It is important to consider where your compressor air intake is located. Some factors to consider are: particulates in the air (dust which can plug filters), ingestion potential (can the intake become plugged with snow or mud) and the temperature of the air when it enters the compressor. If you are mounting an air compressor to an internal combustion engine and/or in any type of enclosure the ambient air temperature around the compressor can rise well above the outside ambient temperature causing a reduction in compressor performance.
Why does increased air temperature result in lower compressor output?
Common compressors are naturally aspirated displacement compressors. This means that the intake air is entering the compressor at ambient air pressures and the compressor is raising the pressure by reducing a volume of air by a fixed amount. The amount of air compressed is dependent on the density of the air entering the compressor which correlates to the temperature of the air. If air temperature rises, the density decreases. If the intake air temperature is higher there is less air entering the compressor because it can only intake a fixed volume of air.
The simplest form of compressor to visualize this is with a reciprocating compressor. The maximum amount of air a compressor can intake every stroke is the volume of the cylinder when the piston is at the bottom of the stroke (bottom dead center). If that air that the compressor has sucked in during the intake stroke is at a reduced density, it means it is compressing less air and will result in more compression strokes to fill up a receiver tank to a pre-determined operating pressure (150 psi for example).
How much difference does it make?
The density of air varies with temperature (see graph below), and the output of the air compressor is proportional to the density of the income air. If the compressor is drawing air out of an engine compartment that is at 80 oC (176oF) it would be getting air at a density of 1.000 (kg/m3).
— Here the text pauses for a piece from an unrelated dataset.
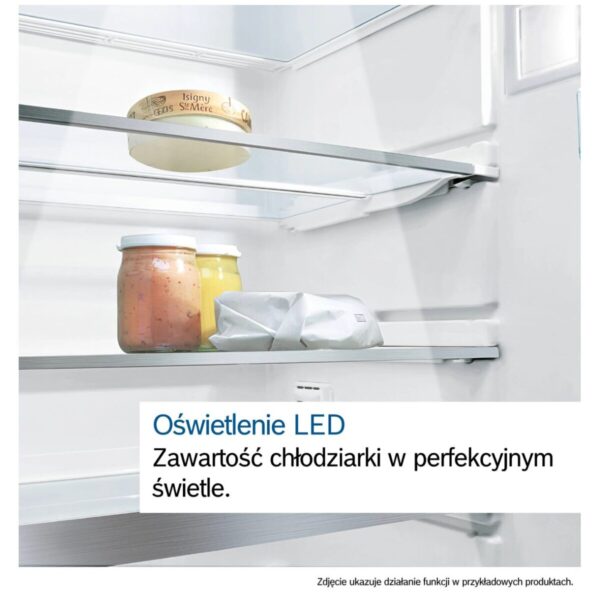bosch-serie-6-lodowka-z-dolnym-zamrazalnikiem-do-zabudowy-177-2-x-55-8-cm-zawias-plaski-z-soft-close-kin86adb0-08 Lodówka do zabudowy z dolnym zamrażalnikiem Bosch KIN86ADB0 Serie 6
If instead, you can direct the intake to be getting “cold” ambient air at 20 oC (68oF), it would be getting the same volume of air at a density of 1.204 (kg/m3). This would result in a 20.4% increase in compressor output.
While there are many factors that affect compressor performance the intake temperature is an important one. For the relatively low cost of a longer intake tube for your air filter to get it out of a hot enclosure, an increase of 10-20% is plausible. Combining this with other performance tips such as your hose sizing or doing periodic maintenance on your intake filter, the result may be using a smaller compressor which will result in lower upfront costs and lower running costs of your compressor system.